As seen on the attached chart, over the last five years, the late-June/early July crop condition rating assessed by Alberta Agriculture for the five-year period from 2013 through 2017 saw the crop condition for wheat range from 30% to 86.2% good to excellent. In the case of spring wheat, the lowest crop rating of 30% good to excellent as of July 7, 2015, did also lead to the lowest final Statistics Canada yield estimated over this period of 46.9 bushels per acre. At the same time, the highest spring wheat crop rating of 86.2% of July 2, 2013, led to a final yield estimate for the province of 58.5 bpa, which was not the highest yield reported over this period, although was close.

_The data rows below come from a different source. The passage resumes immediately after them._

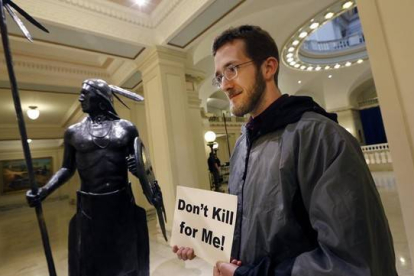 Sam Jennings, de la Coalición de Oklahoma contra la pena de muerte, sostiene un cartel en contra de la pena capital en el Parlamento estatal de Oklahoma, el 29 de abril.-Foto:  AP / STEVE GOOCH
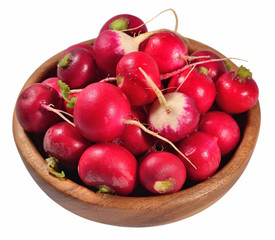 Red radish in a wooden bowl on a white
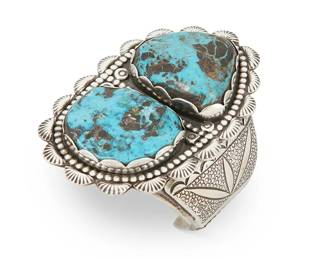261
A Lloyd Oliver Navajo Sterling Silver And Turquoise Cuff Bracelet
Lloyd Oliver (1923-2011, Diné)
Mid/late 20th century
Stamped: LO
A chunky four-wire cuff with a large central plaque with bezel set turquoise slabs and stamped edging and shoulders
7" total inner C x 4" H, with a 1.375" gap
229.4 grams gross
Estimate: $700 - $900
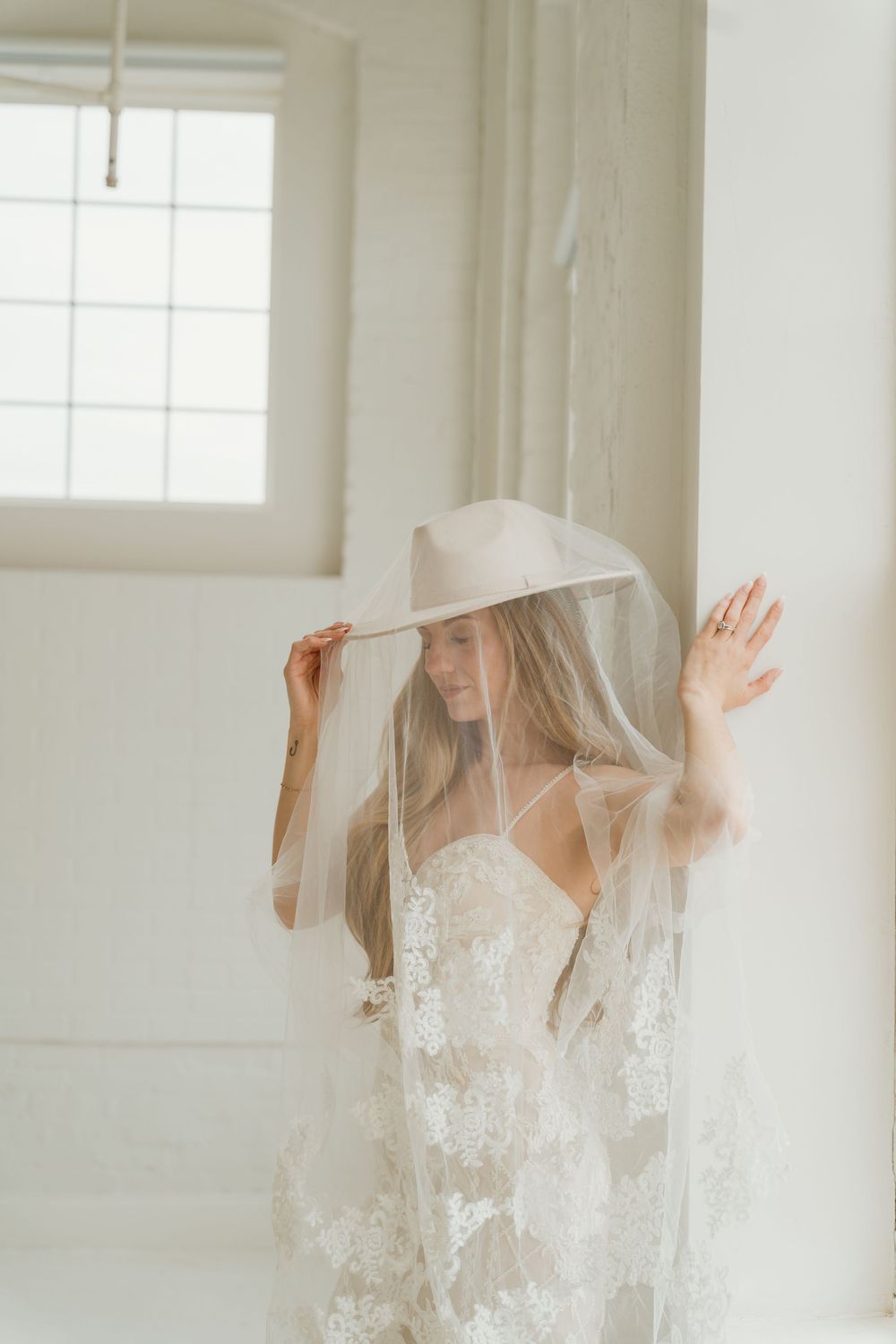 Bride in lace wedding gown and wide-brim hat with sheer veil posing elegantly in a bright white room.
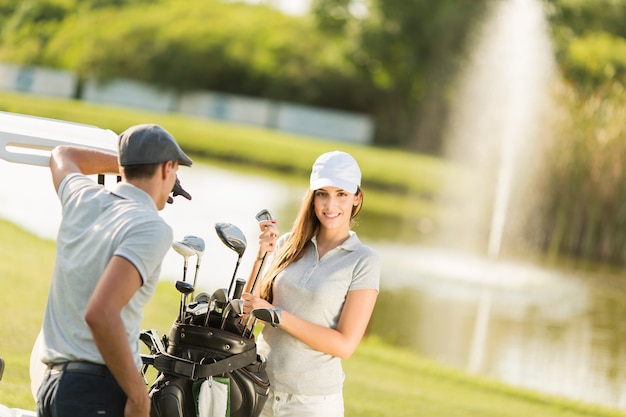 Young couple at golf court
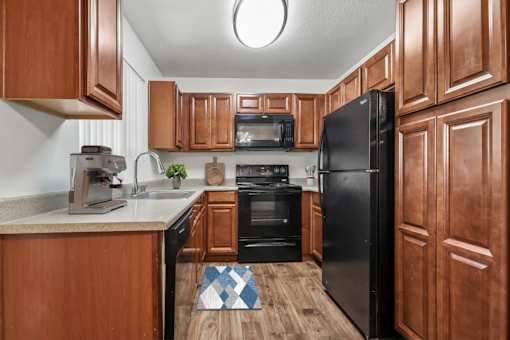Kitchen in 2 Bed 1 Bath Bent Tree Apartment home with wood-style plank flooring, cherry wood cabinets, black appliances, and plenty of storage space for all of your needs!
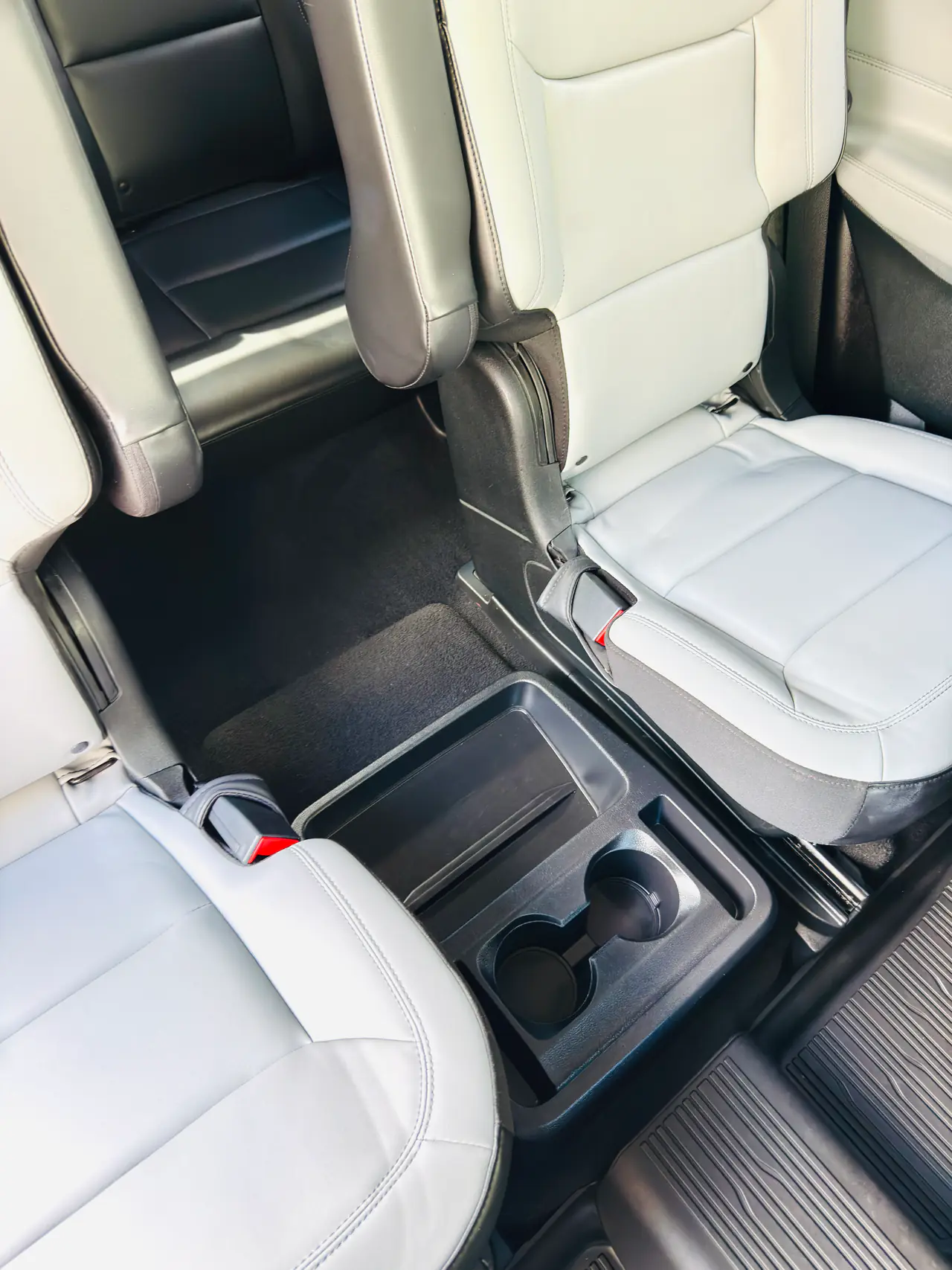 After an interior detail: the same SUV second row with clean leather seats, console and carpet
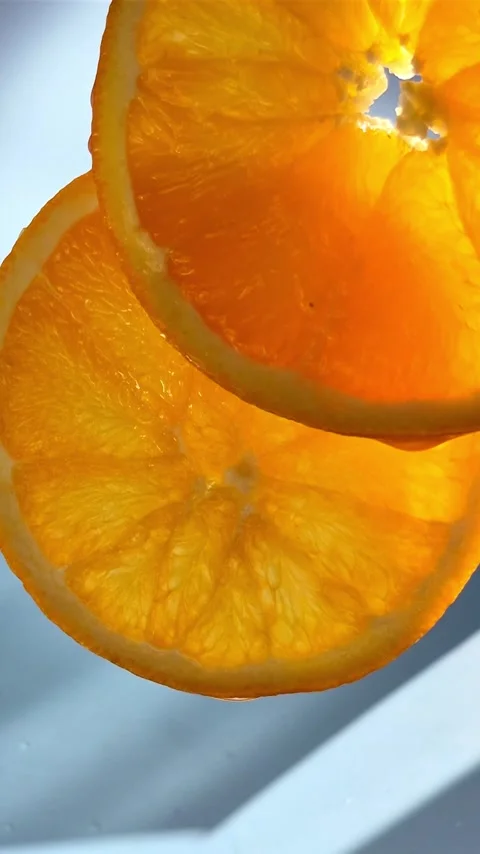 Orange sliced ​​close-up in motion Stock Footage 304665049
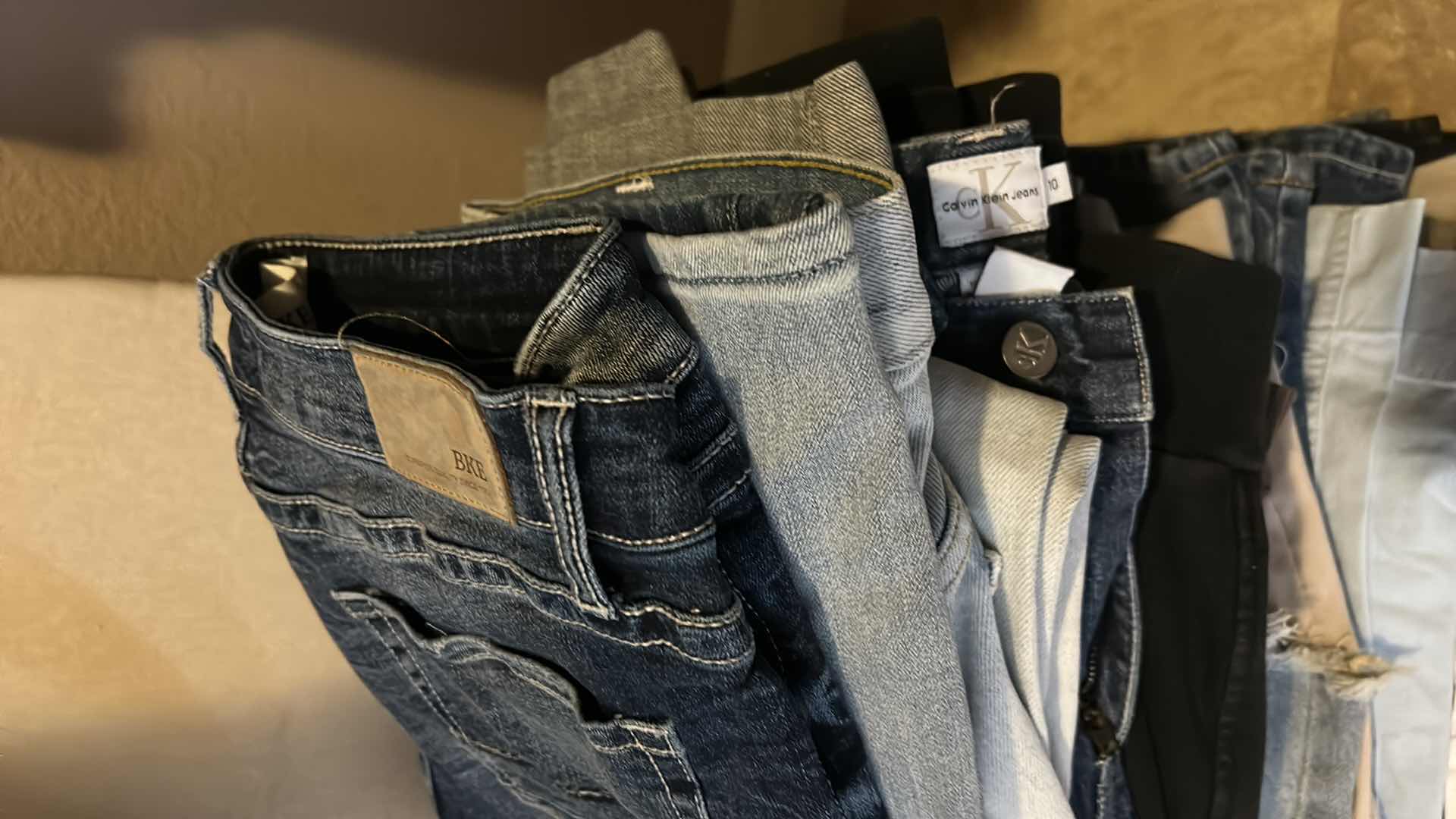 Photo 1 of LARGE STACK OF WOMENS PANTS MOSTLY SIZE 8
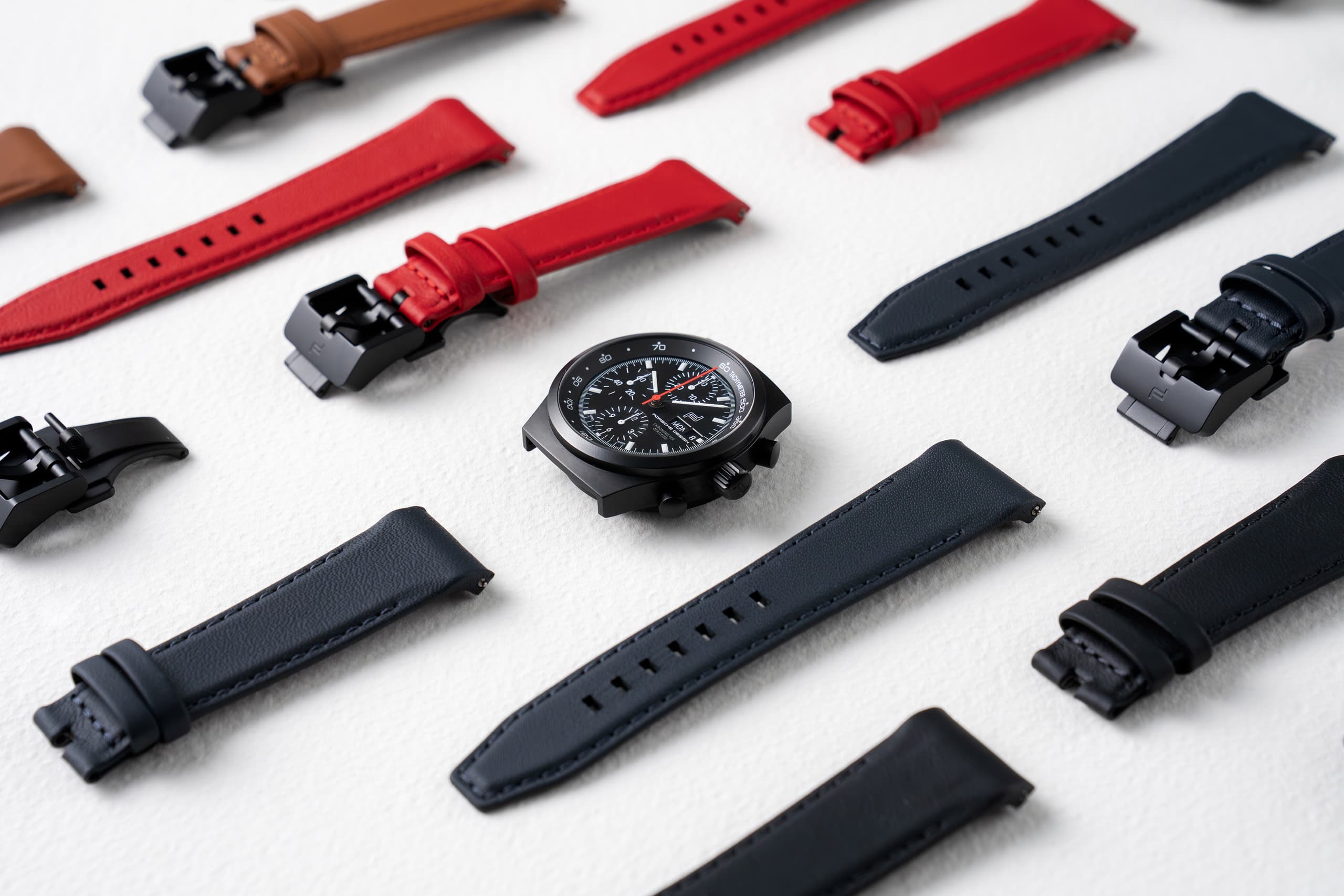 Black chronograph watch with interchangeable red, black and brown leather straps on a light background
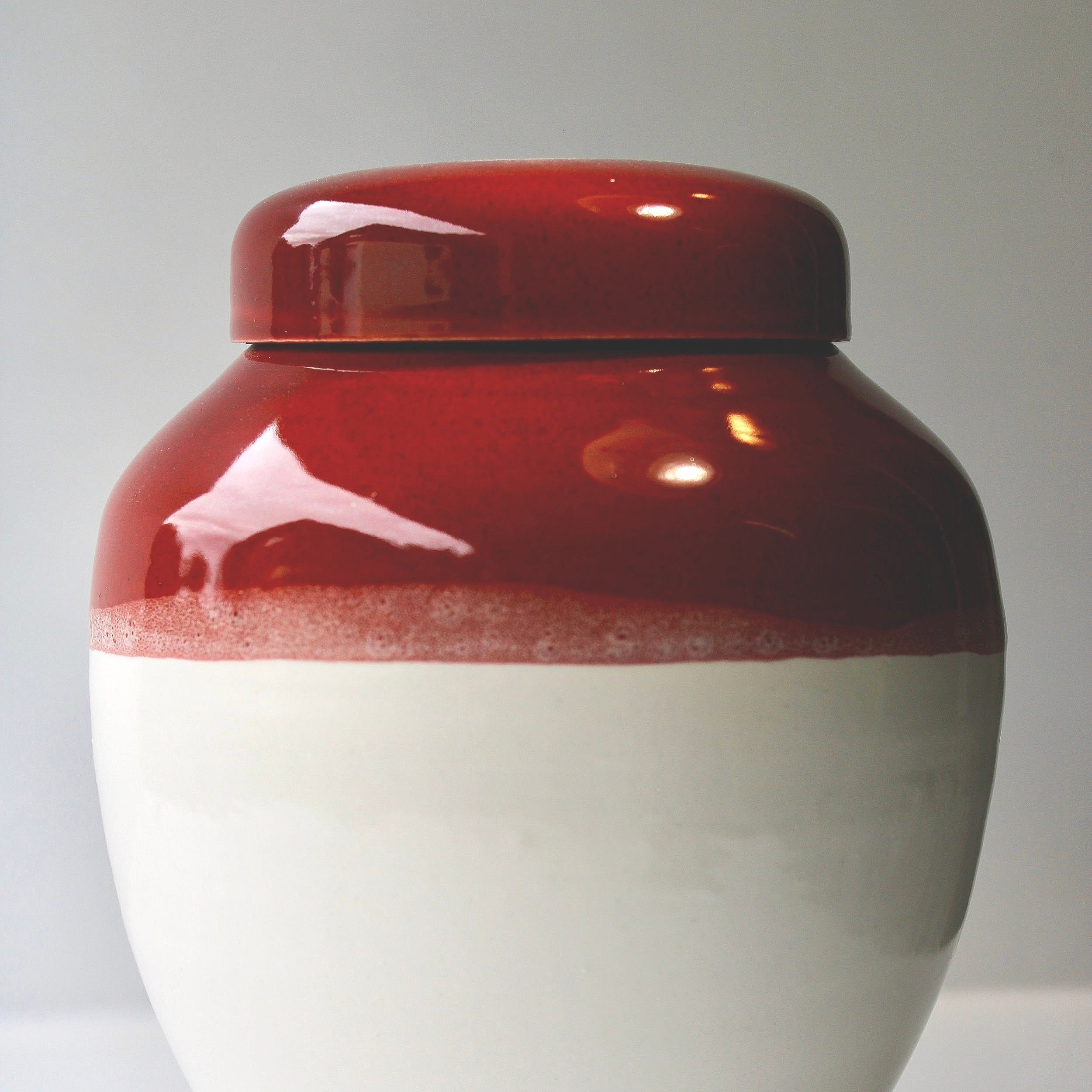 New Zealand handmade ceramic urn with a smooth, glossy glaze in deep blue tones, offering a timeless and elegant memorial option.
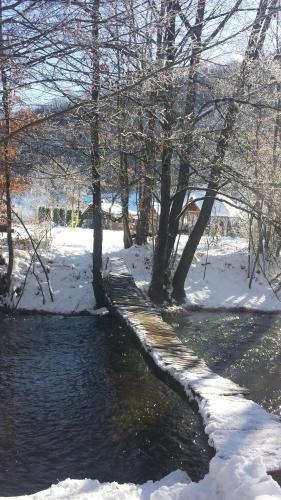 a walkway next to a river in the snow at Staparski Sorrento in Užice
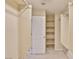 Walk-in closet featuring racks and a door at 11816 Orense Dr, Las Vegas, NV 89138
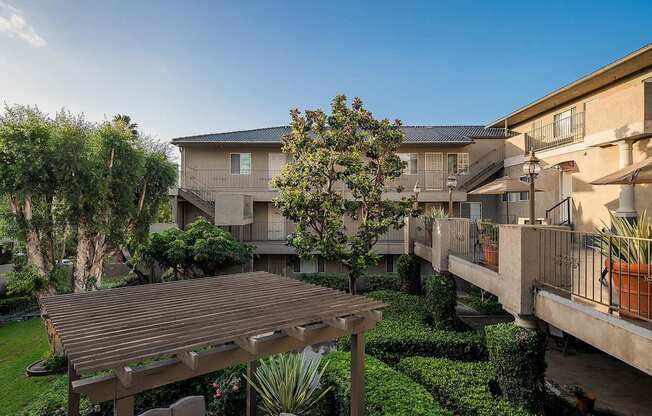 A wooden deck is in the middle of a grassy area with a building in the background.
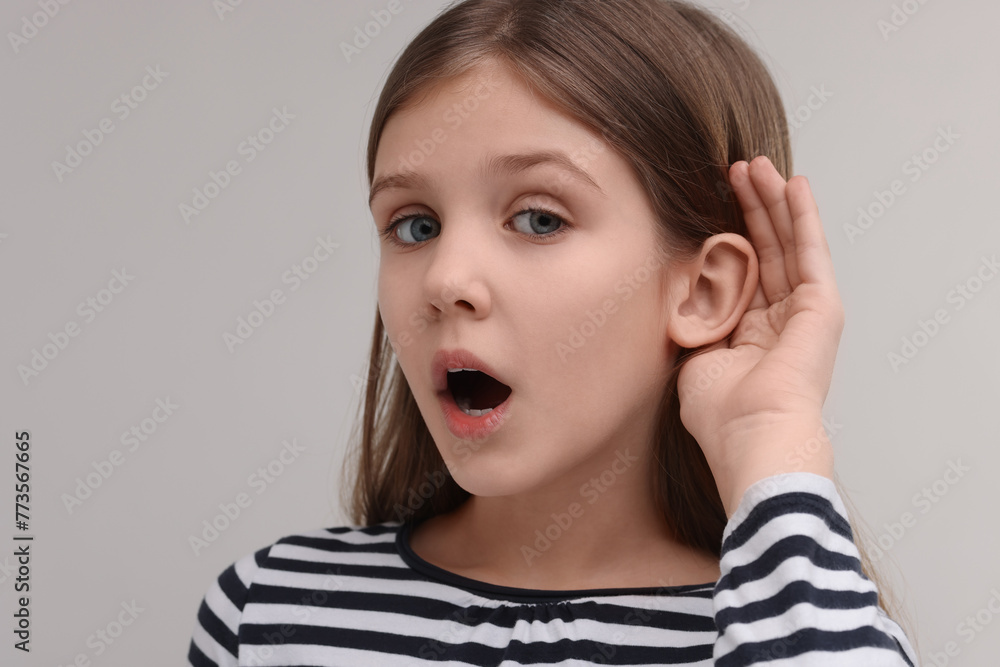 Little girl with hearing problem on grey background Little girl with hearing problem on grey background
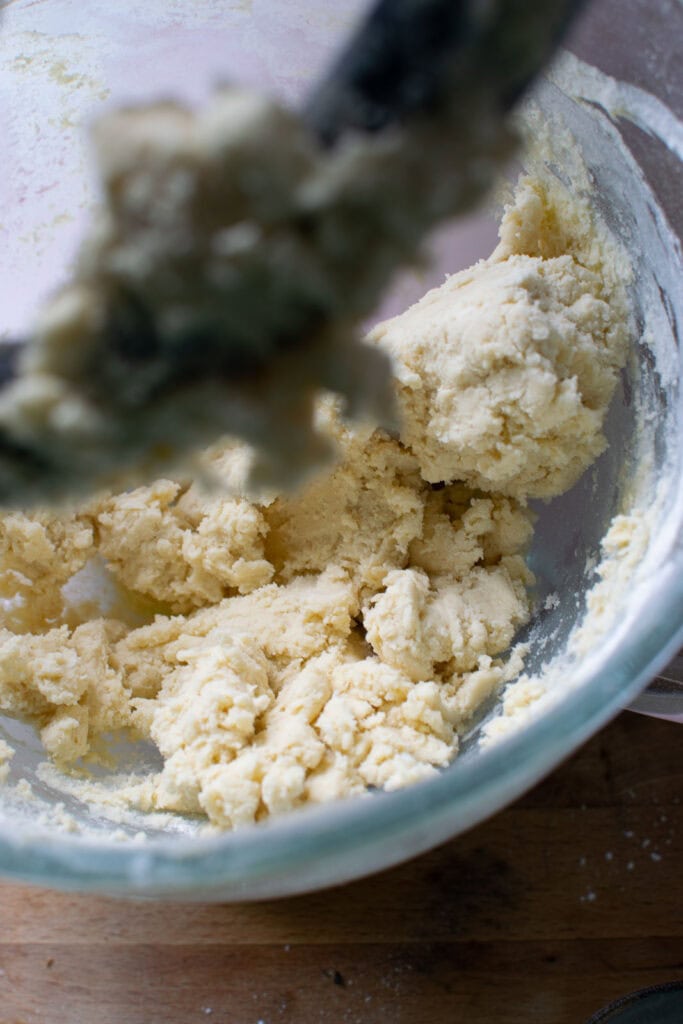 Butter and flour mixture beat together in the bowl of electric mixer.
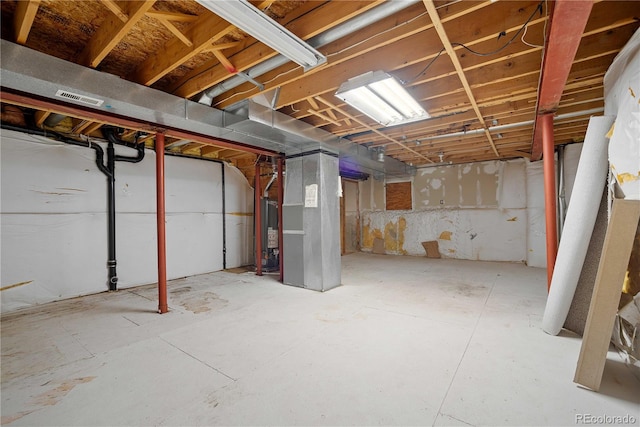 basement featuring gas water heater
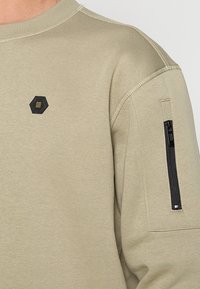 Olivengroene sweatshirt met een gestructureerde afwerking, voorzien van een zwart zeshoekig patch en een met rits afsluitbaar zakje op de linker mouw voor functionaliteit.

Interestingly, the lowest canola rating over the five-year period was reported at 21.4% good to excellent on July 7, 2015, which resulted in a final average yield of 41.4 bpa. This yield was higher than the year prior when the crop was rated at 81.2% good to excellent in the June 30 report, which resulted in an average final yield of 37.8 bpa. This was the lowest estimated yield seen over the five-year period. The highest condition rating was seen in the July 2, 2013, of 83.1 bpa, which led to a final estimated Alberta yield of 43.1 bpa, or 2.3 bpa lower than the highest yield achieved over this period that was realized three years later in 2016.
As of July 3, Alberta's spring wheat crop condition was rated at 79.2% (71.8%) good to excellent while the canola crop was rated at 76.2% (68.2%) good to excellent, with the five-year average in brackets. Final yields, however, will be more closely tied to a combination of heat and moisture received over the balance of the summer.